* **PROBLEM TO SOLVE**: Set down the records exactly as they stand, except for any pictures, which you should omit.

* **DATA TO USE**:
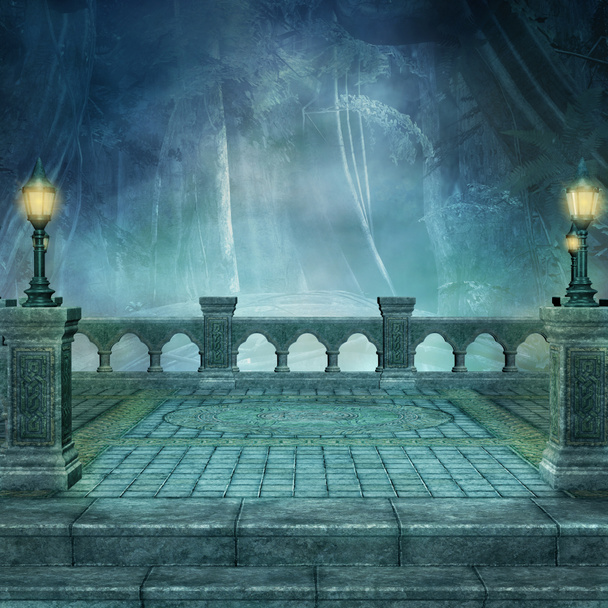 Fantasy balkonem tło z latarniami - 3d ilustracja - Zdjęcie, obraz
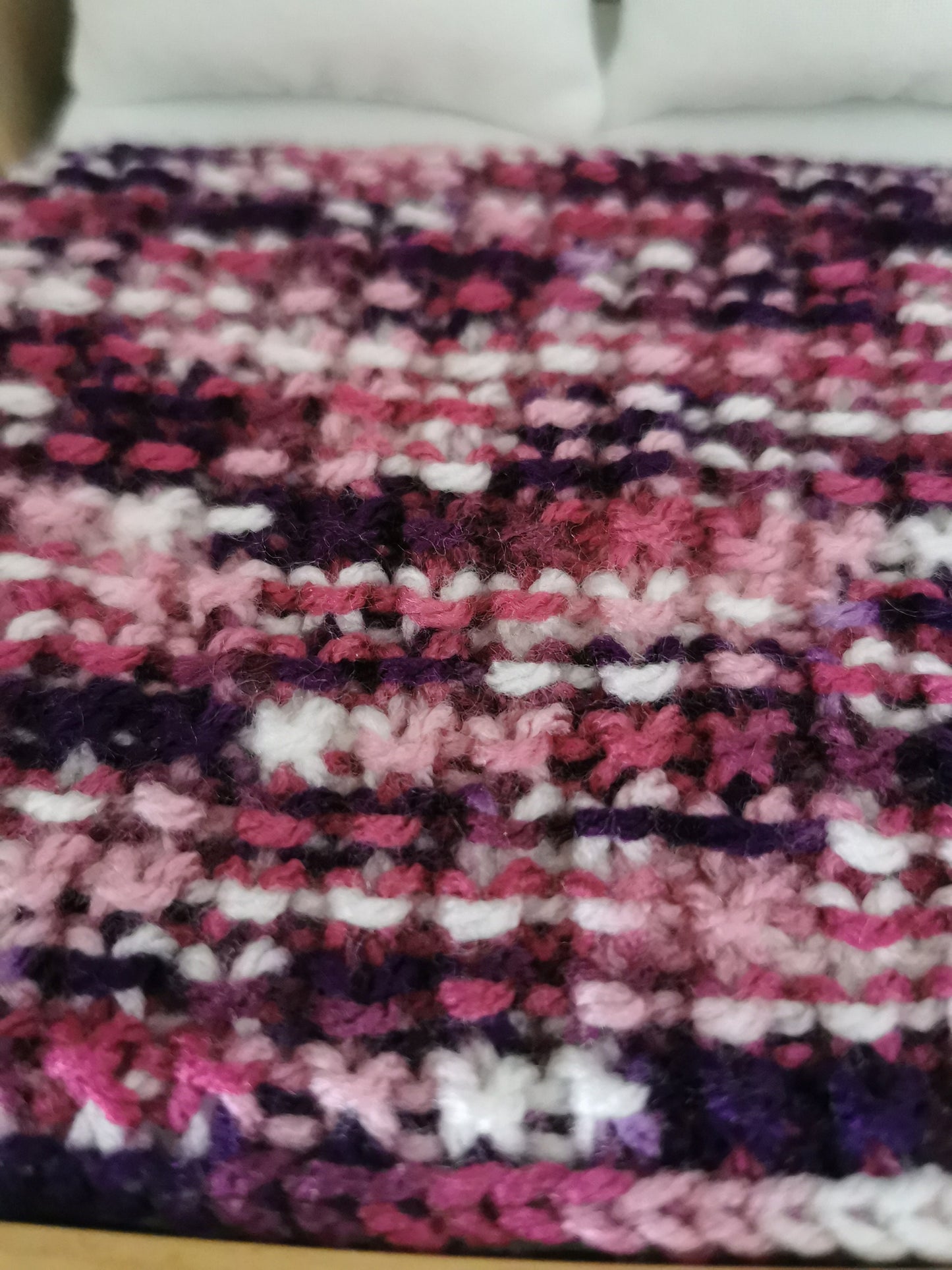 Purple/Pink Multi Blanket | 1:12th Scale | Hand Knitted - ZJ Miniatures 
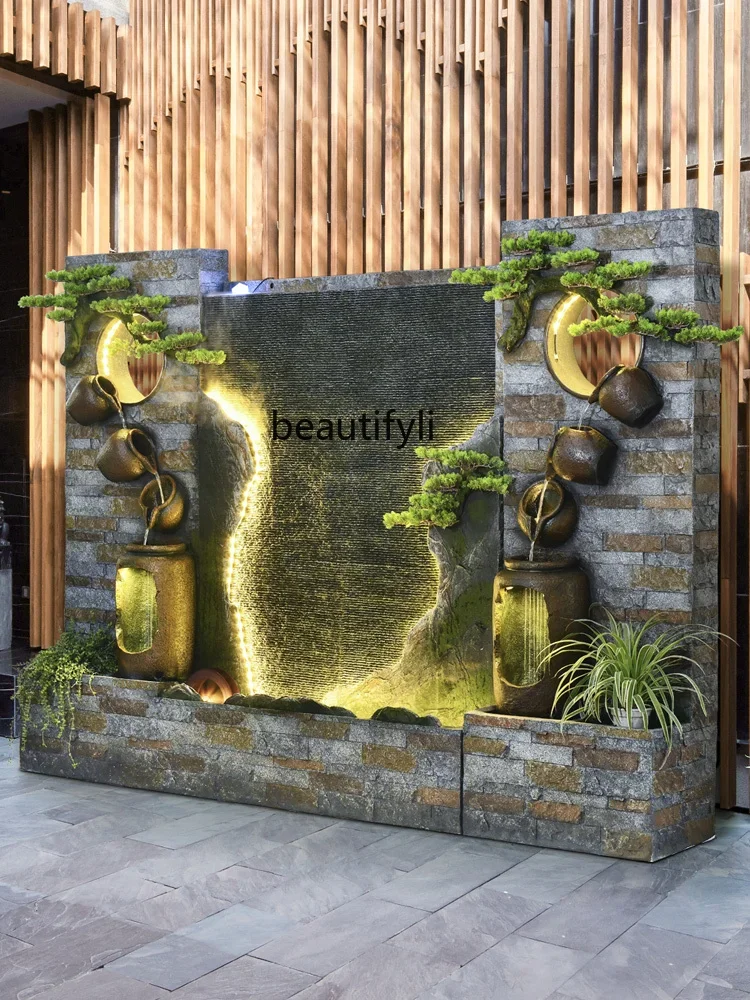 Water Curtain Wall Water Screen Office Partition Outdoor Villa Courtyard Rockery Fish Pond Waterfall Fountain Landscape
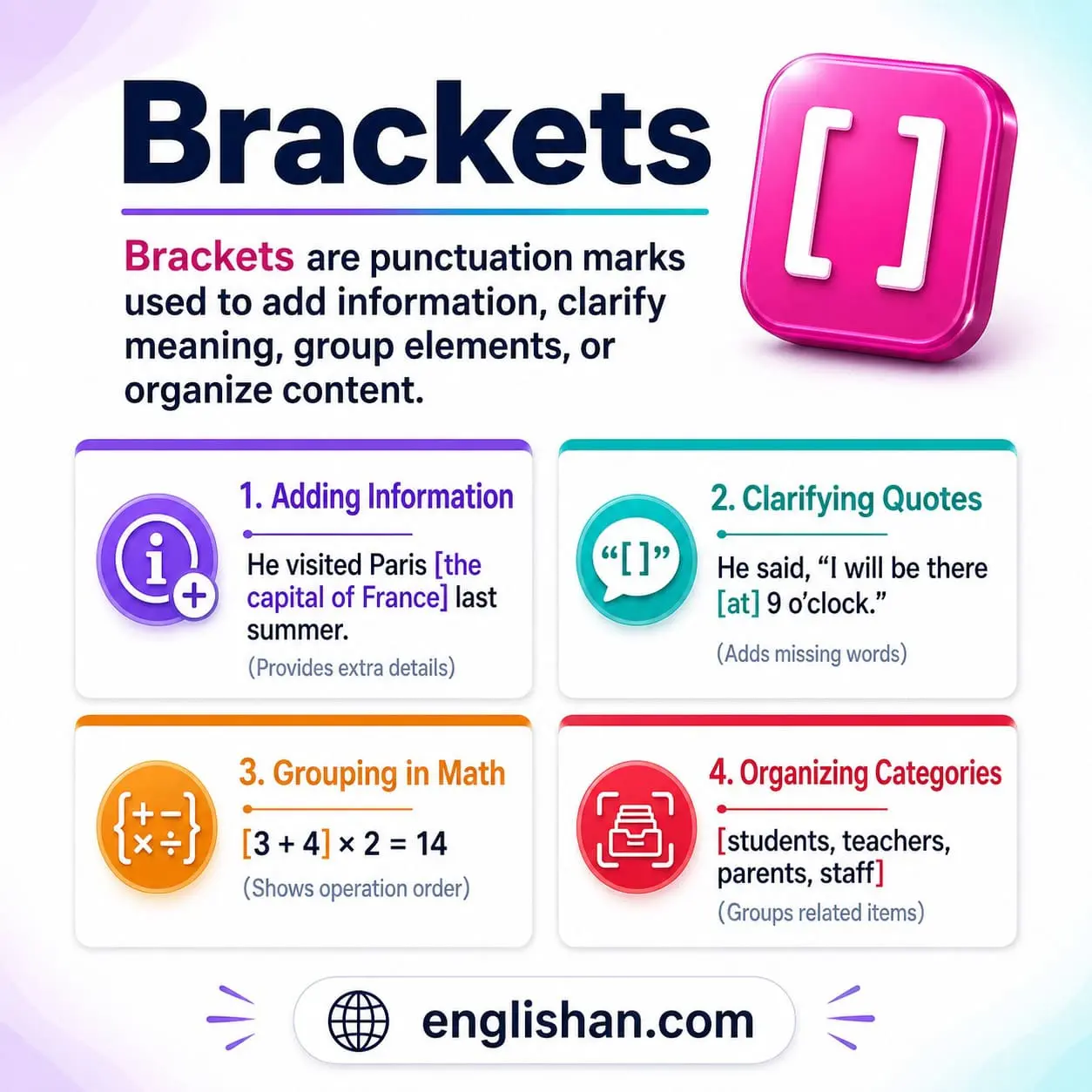 Round, square, and curly brackets shown with brief examples of use in sentences.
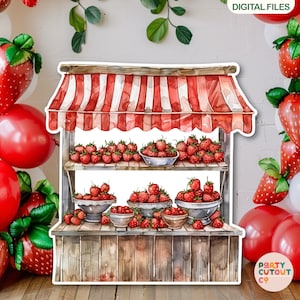 BIG CUTOUT Strawberry Party Strawberry Market Fruit Birthday Party Decor Strawberry Stand Cutout Life Size Cutout Standee DIGITAL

* **OUTPUT FOR THIS EXERCISE**:
 Fantasy balkonem tło z latarniami - 3d ilustracja - Zdjęcie, obraz
 Purple/Pink Multi Blanket | 1:12th Scale | Hand Knitted - ZJ Miniatures 
 Water Curtain Wall Water Screen Office Partition Outdoor Villa Courtyard Rockery Fish Pond Waterfall Fountain Landscape
 Round, square, and curly brackets shown with brief examples of use in sentences.
 BIG CUTOUT Strawberry Party Strawberry Market Fruit Birthday Party Decor Strawberry Stand Cutout Life Size Cutout Standee DIGITAL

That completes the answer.